Worst To Best: Movie Board Games
May the odds be ever in your favour
E.T.
The Board Game: In this simplistic tabletop approach to Spielberg’s friendly alien romp, your task is to help E.T. get home. Gather the components needed for his infamous phone call to win.
Why It’s No Fun: With so many juicy sequences in the film to draw inspiration from, it’s a shame this derivative drivel has you shuffling a neanderthal ET figure around a board.
An opportunity to inject excitement into gameplay with the mystical bike ride in the sky is frittered away when all you need do is simply collect a handful of Elliot cards. Booooring.
Worst Detail: E.T.’s Halloween ghost costume resembles an upturned pot of Yoplait.
Jurassic Park
The Board Game: Starting at one end of a gigantic board that’ll never fit on a table, your chosen character must make their way across the island to the Visitor’s Centre with the option to stop at maintenance sheds for replenishment cards and to get all brown-trousered at the sight of Sam Jackson’s severed arm.
Why It’s No Fun: The dinosaurs pose zero threat and instead behave as if heavily sedated. They’re unable to kill players but golly can they pin them down!
Worst Detail: If you pick the Dennis Nedry character, then why on earth is HE running to the visitor center? What with all that venomous blue gunk in his eyes.
Sign up for the Total Film Newsletter
Bringing all the latest movie news, features, and reviews to your inbox
Annie: Path To Happiness
The Board Game: Help Annie escape the horrors of Miss Hannigan’s orphanage by rolling the dice to move her along on her path to happiness.
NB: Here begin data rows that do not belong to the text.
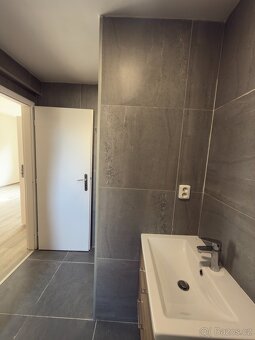 Pronájem bytu 3+kk 56m2 v přízemí, Louny - 5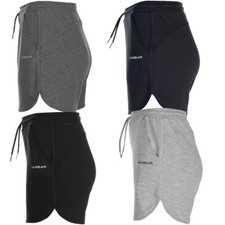 LA Gear Bermuda Shorts XS S M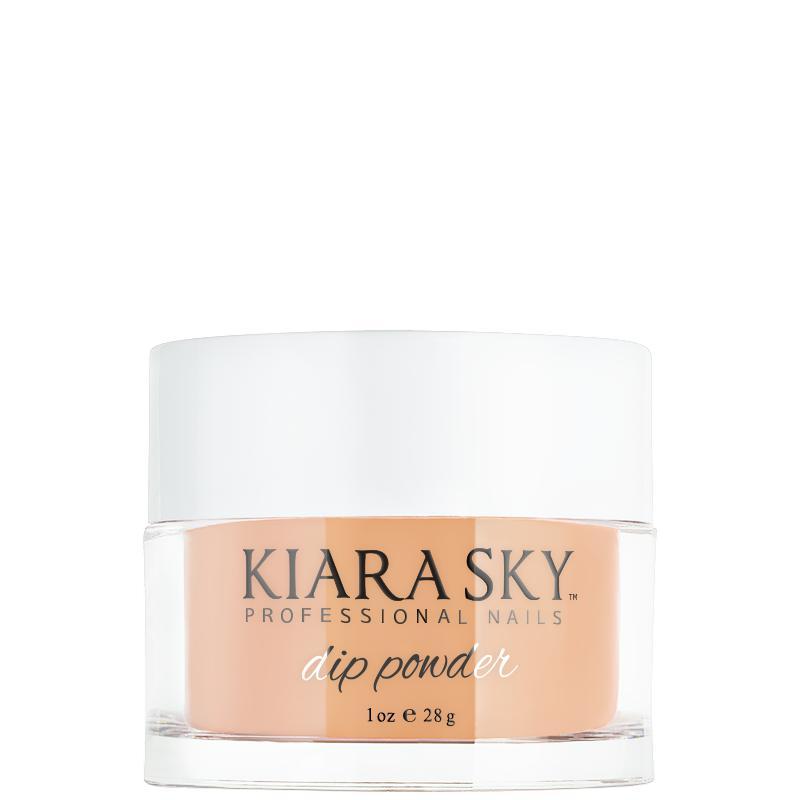 Kiara Sky Dip Powder - Naughty List 1 oz - #D600 - Dipping Powder - Nail Polish at Beyond Polish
Why It’s No Fun: Whisk yourself back to school by collecting gold stars along the way. Yeah, that’ll teach Miss Hannigan a lesson. An add-on expansion pack including a racket of thugs might’ve spiced it up.
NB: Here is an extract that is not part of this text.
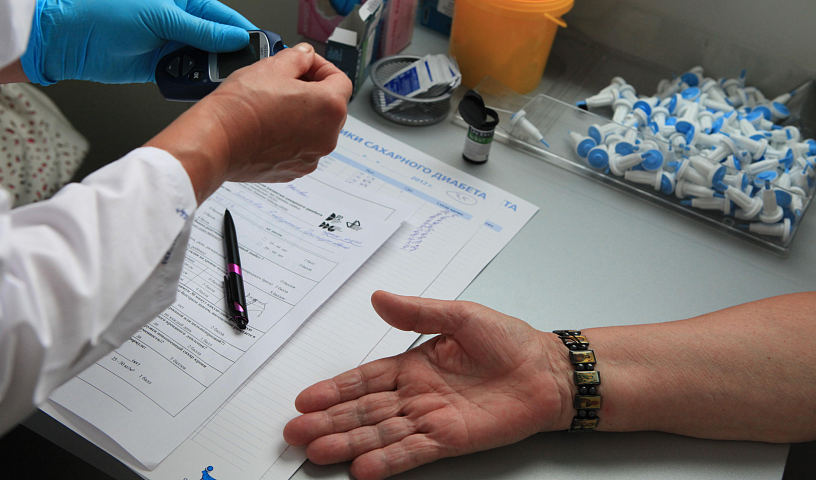 Как свести к минимуму риск заболеть диабетом — отвечает эксперт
Worst Detail: A board game based on a musical with no singing?
Waterworld
The Board Game: Follow in Kevin Costner’s misguided footsteps on a quest to discover dry land. Collect all four resource cards and sink an oil tanker to win.
Why It’s No Fun: Trudging cardboard yachts across a board to find a waterless plain makes playing more painful than watching the film on which it’s based.
Worst Detail: A lack of Costner on the artwork or counters.
Congo
The Board Game: Set your sights for the City of Zinj on your quest to uncover the Laser Diamond. Roll dice, spin spinners and be sure to set your life energy dial as you venture into the jungle.
Why It’s No Fun: Like the movie on which it’s based, a lacklustre premise presents few opportunities to showcase your gameplaying wiles. After all, if you’re meant to help your opponents it doesn’t exactly give you an incentive to win.
Worst Detail: There’s not even a miniature gorilla to stomp across the board intimidating players.
Escape From New York
The Board Game: Based in a movieverse in which Snake Plissken’s mum birthed a litter of identi-tots, each player controls their own Plissken marker.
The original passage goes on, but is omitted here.